The South Africans, despite knowing about her visit for more than a month, had not scheduled any meetings with the Finance Minister, the Reserve Bank governor or any other key economic advisors. Crucially, no meeting was lined up with President Jacob Zuma.
It seemed that IMF staff were scrambling to pin down the South Africans even after Lagarde had arrived in the country.
In the end, Lagarde had ad hoc meetings in Pretoria with the country's economic teams the morning after she arrived. It is unclear if they apologized, but I understand that one minister told her she visiting at a bad time; most South African government employees were still on their long Christmas holiday and the ruling ANC was holding it's 100th birthday celebrations in Bloemfontein, a four-hour drive away from Pretoria.

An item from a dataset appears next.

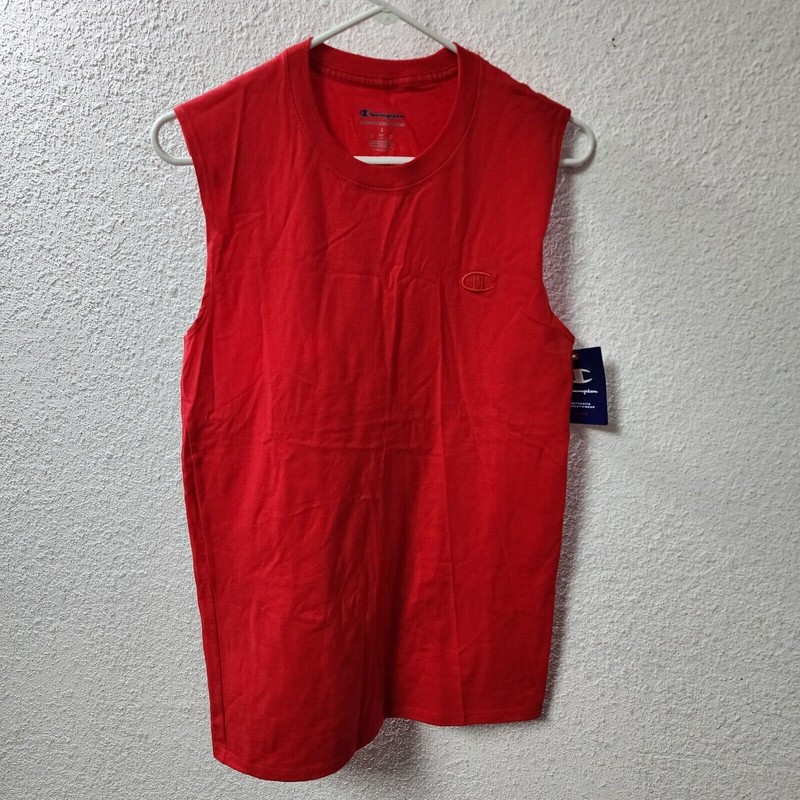 Champion Men's Classic Sleeveless Tank Muscle T-Shirt, Scarlet, Small gallery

The arrival of one of the world's most powerful women in southern Africa was clearly not a priority, it seemed.
At one stage it was suggested she would meet South African president Jacob Zuma the following Wednesday - five days away - and the only time he would be able to fit her into his schedule.
From what I understand, it was becomingly increasingly clear to the IMF folks that Zuma was not going to make the effort to meet Lagarde. She would have to go to him.
When we sat down for a wide-ranging interview in a Pretoria hotel, I asked Lagarde if she had managed to pin down Zuma yet? Lagarde smiled wryly to me and said she would be flying to Bloemfontein to meet Zuma the following day.
Deeply tanned and beautifully groomed in that indomitable French way, Lagarde appeared pragmatic, gracious and seemingly unfazed by this apparent snub.
The reasons for the South Africans lukewarm response to her visit are now more clear. The headline of the Johannesburg-based Business Day newspaper reads, "IMF taps BRICS to fund $1 billion crisis gap."
The article said, "Emerging nations asked to help bail out ailing richer economies."
South Africa is the newest, most controversial member of BRICS, a club of new financial powerhouses originally made up of Brazil, Russia, India and China. South Africa’s economy is a minnow compared to their BRIC brothers but the country is Africa’s largest economy and seen as a gateway into the continent's lucrative and growing markets.
South Africa likes to think of itself as a global political heavyweight, a player on the multilateral stage and leading member of the South. The crisis in Europe and the U.S. has shifted the balance with the debt-laden North now looking to the emerging market economies for assistance.
This dynamic perhaps explains the cool South African response to Lagarde's trip.
Perhaps the South Africans viewed Lagarde has arriving with a "begging bowl" in hand? She is reportedly looking to expand the IMF's war chest to $500 billion, asking for contributions from emerging economies to help fund possible bailouts.
The tables have turned and the emerging nations are looking to use this new reality to push for more voting power and increased clout in the IMF structures.
No doubt, for Zuma, the image of the IMF head trying to meet him - like a lowly villager looking for an audience with a tribal chief - was just the kind of message he wanted to send.